The mere mention of a visit to New Zealand is enough to get my quarter kiwis in a tizz, having become raving fans of the place last year on a visit to the South Island’s Dunedin. And they’re so obsessed with below zero temperatures they’re practically Elsa.
So you can imagine the reaction when I mentioned that not only would we be visiting the South Island’s action mecca of Queenstown, but that we’d be doing it during ski season.
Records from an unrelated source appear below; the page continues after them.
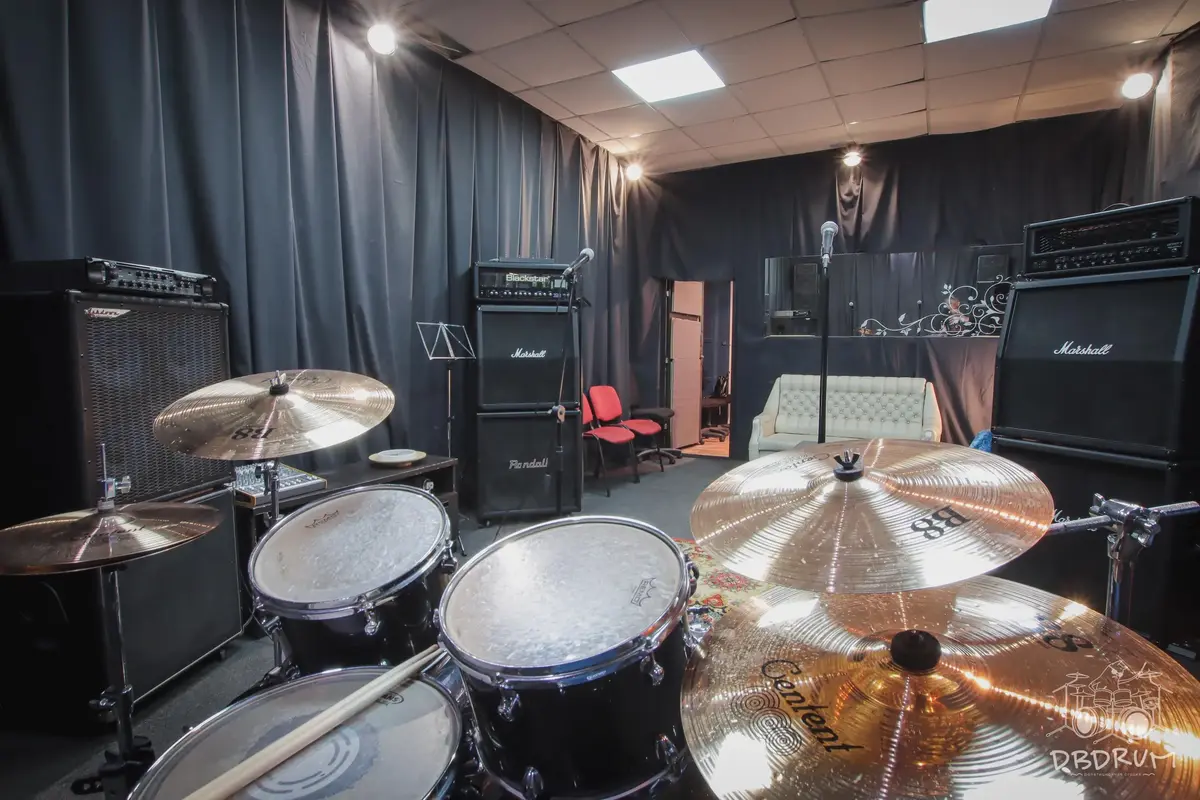 Репетиционная точка Две Бочки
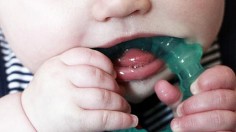 Teething 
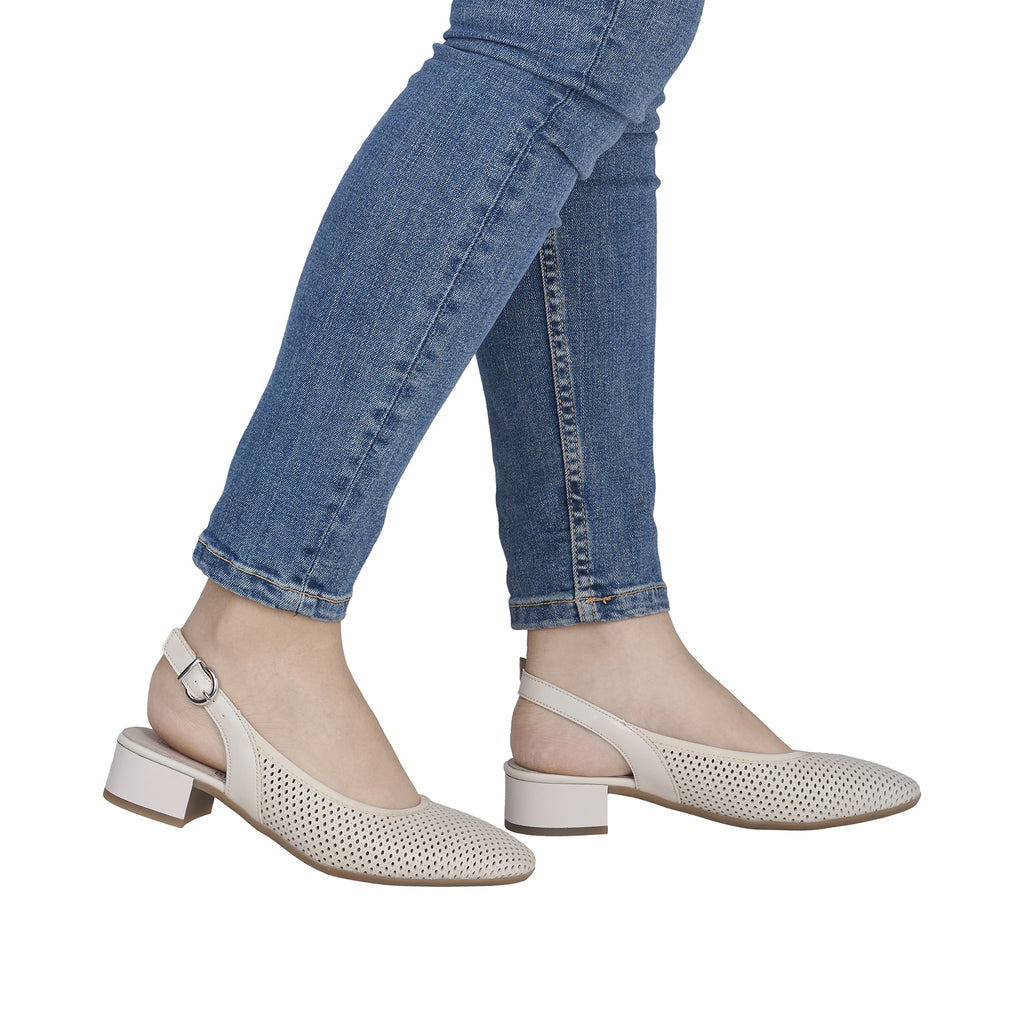 Pantofi Rieker 43458-60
Renowned for its world class ski resorts, pristine lakes, and pant wettingly scary adrenalin sports, there’s actually heaps of fab things to do in Queenstown with kids. From its thousands of years of history, to its indoor and outdoor fun, great cuisine scene and crazily friendly locals, Queenstown left the kids so dazzled, they’re ready to apply for Kiwi passports.
But don’t take my word for it. Here, Raffles (11) and Sugarpuff (8) share their thoughts on the best bits of Queenstown with kids.
Queenstown’s epic snowfields
In winter, Queenstown is snow central. The gateway to some of the southern hemisphere’s best skiing and snowboarding at Coronet Peak, The Remarkables, Cardrona and Treble Cone, there’s something for skiers and snowboarders of all ages and levels of experience with each offering drop dead gorgeous alpine scenery, great infrastructure and varied terrains. We have a soft spot for Coronet Peak, just 20 minutes from town, which is not only insanely beautiful but the ski school was one of the best we’ve come across.
He said: “The thing I was most excited about on our visit to Queenstown was the skiing, of course. I’ve skied in Japan and loads of different places in Australia but really had no idea what to expect of New Zealand. We decided on skiing at Coronet Peak because it is the closest ski area to town and it was amazing! Seriously, it must be one of the most beautiful ski areas on earth. The views are stunning and there were plenty of rolling runs that I could tackle with my private instructor while my sister did lessons at the Kea club. I loved the long blue runs and snappy red runs and even snuck in a few blacks (just don’t tell mum, ok).”
She said: “I loved skiing at Coronet Peak. It was like being in a movie because it was so magical. At the Kea club, my instructor’s name was Scott and he was the best instructor ever because he taught me how to ski really well and took me and the other kids all the way up the mountain to ski. And, even better, he bought me and the other kids in our group a hot chocolate and a cookie each. The best bit about Coronet Peak was attacking my brother with snow. But I didn’t like that the toilets matched my ski jacket.”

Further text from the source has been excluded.